Rather than just one more album taking part in the NWOBHM, Angel Witch's self-titled debut is one of the most important and influential albums within the NWOBHM in the early '80s. Moreover, it also provided relevant features for the way forward (mainly if you played during the 80's certain metal sub-genre named power metal). Seen as the band's finest hour, it offers incredible moments throughout its ten tracks, which can keep you playing the album over and over without getting tired of it. Think about Uriah Heep on amphetamines mixed with a Judas Priest and Black Sabbath inspired guitar playing, and in general, anything having to do with all that good stuff played during the '70s (including at some point Led Zeppelin).

The musicianship displayed in this album goes far beyond. Track by track, the band exploited the talent of the guitarists, showed an over-the-top bass playing (such a privilege considering that the albums released later on tend to fade away the bass notes) and a drumming that is no less than great. That said, this release could not have started in a better fashion. As an exception to their well established subject matter, the title-track addresses the bitter taste of lovelessness seemingly expressed through the furious intro riff.
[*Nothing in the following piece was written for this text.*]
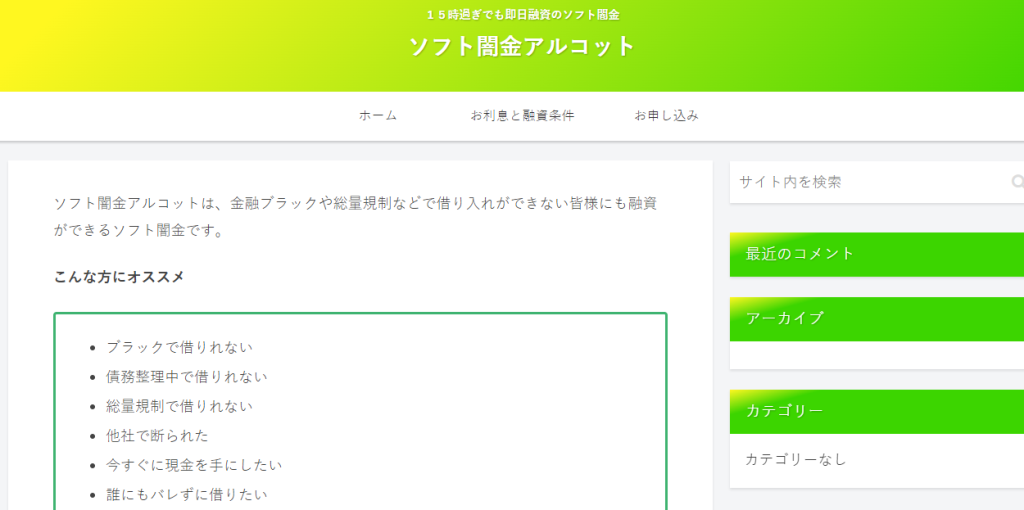 ソフト闇金アルコットの真相を５chの口コミから掴みます！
Although somehow contrasting with the sweet and melodic pace in which the song runs, said riff is still its most memorable moment, not only of this album but their entire career.

Afterwards, the album offers other numbers that are still as good as the title-track. "White Witch" is an example. This Uriah Heep-inspired number is significantly reinforced by the doomish feeling that Black Sabbath brought out quite a while ago. Another interesting number built on the blueprint of Uriah Heep is "Angel of Death." This classic number is somehow similar to "White Witch," however, it is a little bit more aggressive due to the type of riffs included here. On the other hand, the band also left room for some proggy stuff like "Sorcerers" and "Gorgon," and also for the Queen meets Judas Priest number (more accurately, "Stone Cold Crazy" meets "Call for the Priest") "Sweet Danger." Although not as remembered as the previously mentioned numbers, this song is one of the best speed metal numbers ever made, and unfortunately, a criminally underrated piece. Think what would happen if Uriah Heep tried a speed metal number, for sure, it would result in a number of this sort.

Angel Witch is shown at its creative peak in this album, as its formula in the next releases was not even similar to that used to make up their magnum opus. However, the impact that this album had, and the fact that it is widely quoted as a landmark album in the NWOBHM, were important factors that kept the band alive, mainly, since the following releases tend to be far from the potential herein shown. Thus far, several versions of this album have been released, among others, the CD with a different cover and anniversary editions with a lot of bonus tracks (including a live version of "Angel Witch" that has different lyrics). No matter which one you pick, you can only win. You can only call yourself a metalhead if you have listened to this release.